He Zhihai's group in the Department of Electronics at SUSTech is pleased to present two AAAI-2025 Oral Papers
AAAI, short for The Association for Advancement of Artificial Intelligence, is one of the most important international conferences in the field of Artificial Intelligence, hosted by the International Association for Artificial Intelligence, and recommended by the Chinese Computer Federation (CCF) as a Class A conference. AAAI AAAI 2025 received 12,957 submissions and 3032 papers were accepted, with an acceptance rate of 23.4%, of which the Oral Presentation acceptance rate was 4.6%.AAAI 2025 was held on 25 February - 4 March 2025 in Philadelphia, Pennsylvania, USA.
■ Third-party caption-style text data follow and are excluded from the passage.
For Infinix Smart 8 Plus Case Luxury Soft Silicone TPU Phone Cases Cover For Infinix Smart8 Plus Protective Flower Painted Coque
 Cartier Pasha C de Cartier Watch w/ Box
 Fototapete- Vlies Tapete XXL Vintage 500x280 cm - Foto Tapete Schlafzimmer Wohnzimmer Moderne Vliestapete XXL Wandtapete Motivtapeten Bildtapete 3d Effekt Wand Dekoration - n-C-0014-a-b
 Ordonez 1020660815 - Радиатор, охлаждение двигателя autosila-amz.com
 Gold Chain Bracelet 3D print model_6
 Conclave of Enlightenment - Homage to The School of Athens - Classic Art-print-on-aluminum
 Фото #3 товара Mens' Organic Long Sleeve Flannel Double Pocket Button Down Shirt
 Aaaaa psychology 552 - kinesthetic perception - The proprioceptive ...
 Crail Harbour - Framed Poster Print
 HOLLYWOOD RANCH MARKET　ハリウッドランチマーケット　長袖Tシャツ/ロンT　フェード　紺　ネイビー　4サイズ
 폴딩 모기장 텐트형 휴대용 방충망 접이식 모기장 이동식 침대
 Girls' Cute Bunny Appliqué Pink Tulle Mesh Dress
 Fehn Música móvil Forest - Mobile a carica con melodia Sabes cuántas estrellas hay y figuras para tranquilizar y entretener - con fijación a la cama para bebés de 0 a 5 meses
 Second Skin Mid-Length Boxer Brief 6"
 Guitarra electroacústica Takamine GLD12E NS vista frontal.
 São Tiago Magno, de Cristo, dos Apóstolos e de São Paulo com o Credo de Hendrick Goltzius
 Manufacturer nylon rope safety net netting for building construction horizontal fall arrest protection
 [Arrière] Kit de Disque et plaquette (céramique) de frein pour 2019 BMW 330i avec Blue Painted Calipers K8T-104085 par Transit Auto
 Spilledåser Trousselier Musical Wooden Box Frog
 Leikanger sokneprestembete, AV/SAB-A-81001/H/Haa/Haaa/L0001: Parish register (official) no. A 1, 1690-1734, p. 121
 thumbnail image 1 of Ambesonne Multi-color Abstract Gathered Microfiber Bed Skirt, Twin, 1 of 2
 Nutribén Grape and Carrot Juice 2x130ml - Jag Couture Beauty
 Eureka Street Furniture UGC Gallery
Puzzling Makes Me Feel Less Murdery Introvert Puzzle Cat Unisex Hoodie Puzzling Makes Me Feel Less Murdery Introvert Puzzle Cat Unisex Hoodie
《Cross-Modal Few-Shot Learning with Second-Order Neural Ordinary Differential Equations》
Authors Yi Zhang (Harbin Institute of Technology, Southern University of Science and Technology), Chun-Wun Cheng (University of Cambridge), Junyi He (Southern University of Science and Technology), Zhihai He (Southern University of Science and Technology), Carola-Bibiane Schönlieb (University of Cambridge), Yuyan Chen (Fudan University), Angelica I Aviles-Rivero (Tsinghua University)
Brief introduction
Yi Zhang, a PhD student in the class of 2021 at the Department of Electronic and Electrical Engineering, Southern University of Science and Technology, proposes an innovative method SONO in the field of cross-modal small-sample learning, which significantly improves the model’s generalisation ability in few-sample scenarios through second-order God-frequent differential equations, and effectively solves the overfitting problem due to the scarcity of data in the traditional method.
With the rapid development of multimodal AI technology, how to make the model achieve cross-modal (e.g., image-text) efficient learning under a very small number of labelled samples has become a key challenge. Existing methods generally face bottlenecks such as high risk of overfitting, high consumption of computational resources, and insufficient cross-modal alignment capability. The research team innovatively introduces the second-order God’s frequent differential equation into the cross-modal learning framework, enhances the model expression ability through continuous dynamic feature optimisation, and combines the ‘text-as-image’ data enhancement strategy to effectively expand the training data by using the graphic-text correlation feature of CLIP model. Experiments show that the classification accuracy of this method on 11 benchmark datasets, such as ImageNet, is significantly better than that of the existing optimal method for small samples, and shows potential application in data-scarce scenarios, such as medical images.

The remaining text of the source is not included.